Keysight EDA 24 debuted at European Microwave Week in Berlin.

Shift left is an established electrical engineering practice that moves design validation forward in the development cycle to accelerate time-to-market. The rising complexity of electronic systems demands that designers complete as much validation in the virtual domain where it is easier and more cost-effective to correct functional and physical issues.

Implementation of accurate modelling and simulation methodologies that create virtual prototypes and digital twins is essential to handling complexity.

Key to building accurate models and faster simulations is incorporation of actual measurement data into the design and validation process in virtual space.

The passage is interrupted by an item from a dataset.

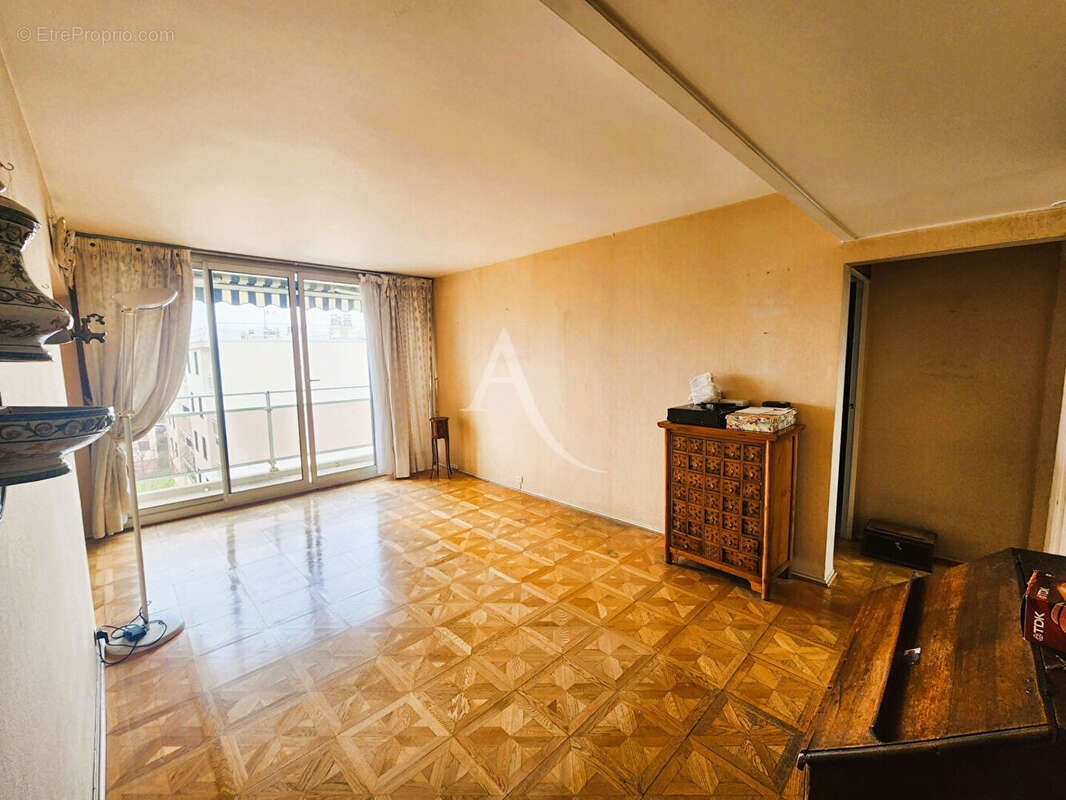 Appartement à RUNGIS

Keysight EDA 2024 software includes new system and circuit design workflow integration, power amplifier modelling and simulation optimisation, and Satcom design evolution enhancements.

The improvements expand on the software automation, intellectual property and design data management, and simulation acceleration capabilties previously announced.

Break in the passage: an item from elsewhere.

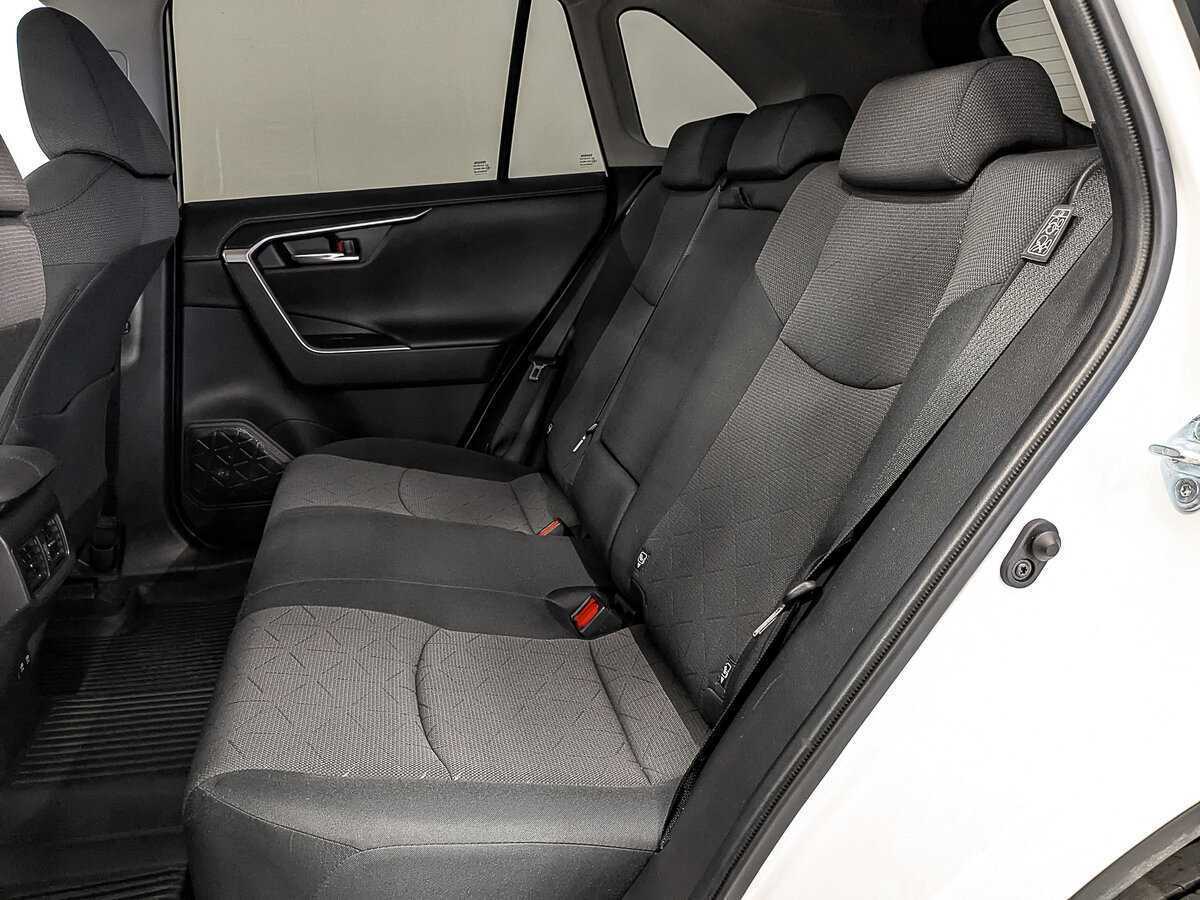 Toyota RAV4 2022 года с пробегом. Фото: #17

Powered by Keysight measurement science, the new tools provide engineers with a comprehensive solution that speeds virtual prototype creation with highly accurate validation prior to building physical prototypes and starting volume production manufacturing.

Keysight EDA 2024 software suite offers these shift left updates:

Streamlining System and Circuit Design Workflows

The RF System Explorer integrates system architecture exploration and analysis features from SystemVue into Advanced Design System (ADS) to enable design sharing between system and circuit level workflows. RF System Explorer allocates a hierarchical subsystem and parameters to a circuit designer to change radio frequency (RF) block parameters or select the analysis path without impacting the overall architecture. Circuit designers can incorporate their circuit design or derived behavioural model into the allocated subsystem for RF verification and optimisation.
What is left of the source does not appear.